Kast negó su respaldo a la candidata Bachelet propuesta por Chile, dejando sin rival la candidatura estadounidense; para completar el hundimiento de esta nombró como asesor estrella de la cancillería a un argentino sionista. La secretaría general de la ONU en manos de alguien como Grossi es la recompensa a sus perversos servicios y la condena de la institución a su irrelevancia en manos del presigángster cooptada por el sionismo. 

Por último, la guerra bélica. Su preestreno fue la campaña de bombardeos en el Caribe desencadenada desde septiembre del año pasado como parte de la llamada Lanza Sur liderada por el comando estadounidense. Pocas horas atrás se ejecutó el 46° bombardeo cuya sumatoria de asesinatos ha cobrado la vida de más de 150 personas en un frenético ritmo de una decena de ataques por mes.

En el aséptico lenguaje militar –el arte del eufemismo llevado a su extremo más obsceno- no se trata de asesinatos selectivos o ejecuciones extrajudiciales sino de ‘ataques cinéticos letales contra embarcaciones de bajo perfil operadas por organizaciones terroristas designadas’.  La presencia del presidente costarricense y de la primera ministra de Trinidad en la instalación del Escudo es el respaldo oficial y la absolución moral a esta campaña como quiera que la costa de ambos países ha sido escenario privilegiado de estos ‘bombardeos humanitarios’; según las cuentas delirantes del presigángster cada uno de ellos salvaría la vida de 25000 estadounidenses, de las madres, hijos y nietos, como lo dijera en su discurso la enviada especial,  Kristi Noem – quien como secretaria de seguridad nacional presidiera la ejecución de la brutal política implementada contra migrantes: más de cien mil deportados, un millón de permisos de residencia revocados, redadas nocturnas escalofriantes para cazar a los ilegales, uso excesivo de la fuerza policial y asesinatos de ciudadanos inermes. Dos días después del despido de su cargo la flamante o flamígera funcionaria asumió la dirección del Escudo. Perfecta degustación de lo que vendrá. 
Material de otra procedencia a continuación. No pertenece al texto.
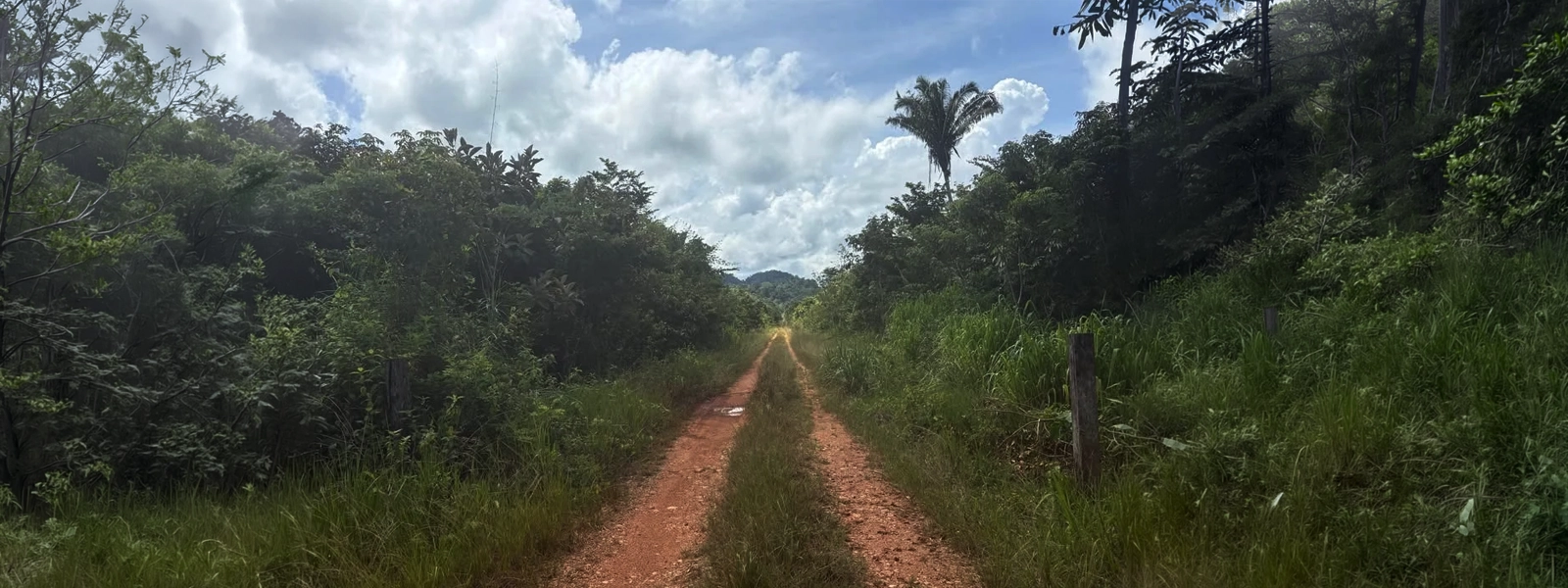 13 Acres, just a mile to Roaring River, off grid property.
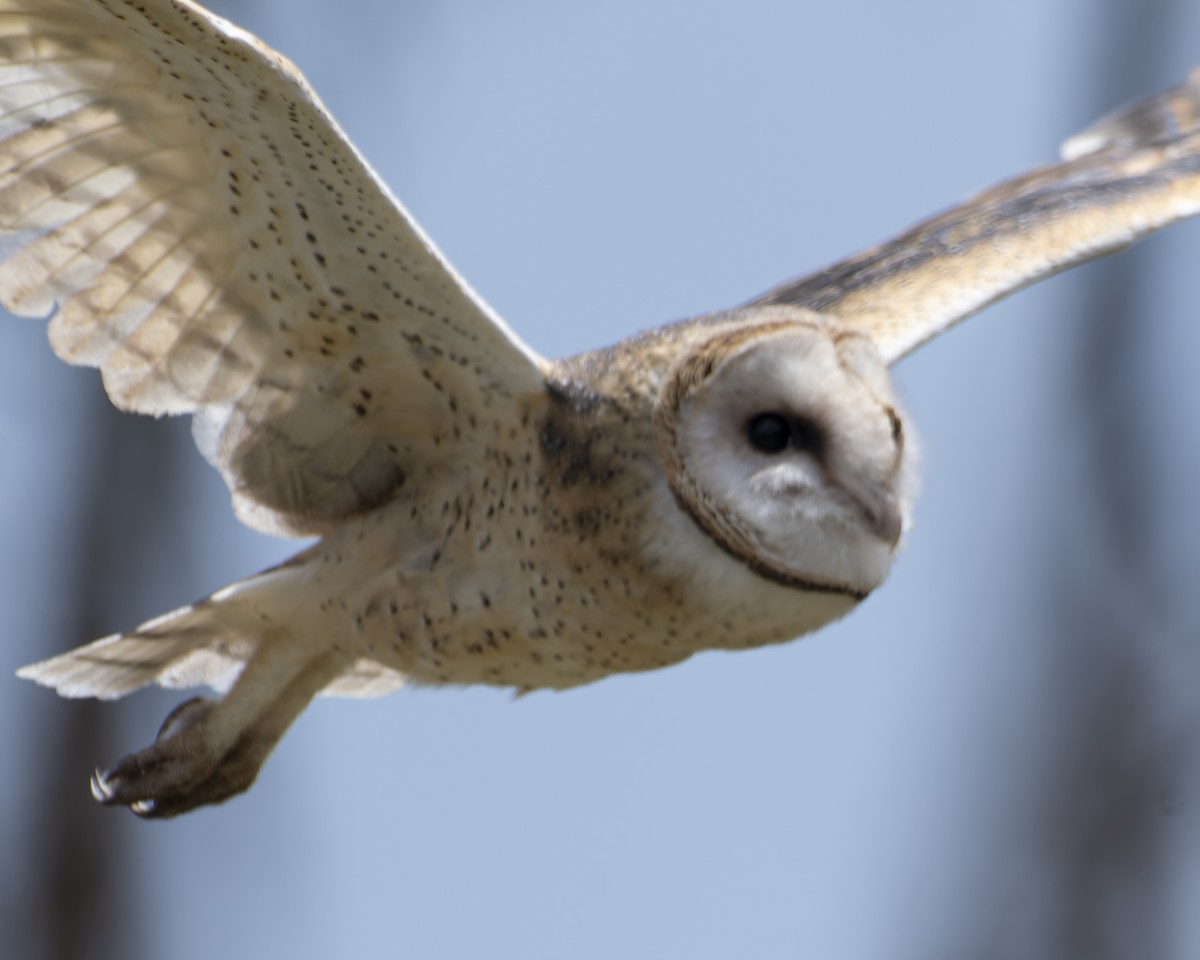 sova americká - ML645841970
El nombre mismo de ‘escudo’ no oculta su tenebrosa significación. De modo semejante han sido llamadas las operaciones bélicas de Israel contra Gaza que precedieron el actual genocidio: Guardián de las Murallas (2021: 120 civiles asesinados) o Margen  Protector (2014: más de 2000 civiles ultimados). 

El término para utilizar esta máquina de guerra contra la diferencia política y sumisión ideológica proviene de las tiras cómicas. Sólo había que mirar el ‘escudo’ de los Avengers, la serie audiovisual televisiva y cinematográfica producida por Marvel: este no es otra cosa sino el sistema homologado de inteligencia, espionaje, logística y defensa… contra el progresismo latinoamericano. Y el papel de capitán lo interpreta Donald Trump, el presigángster.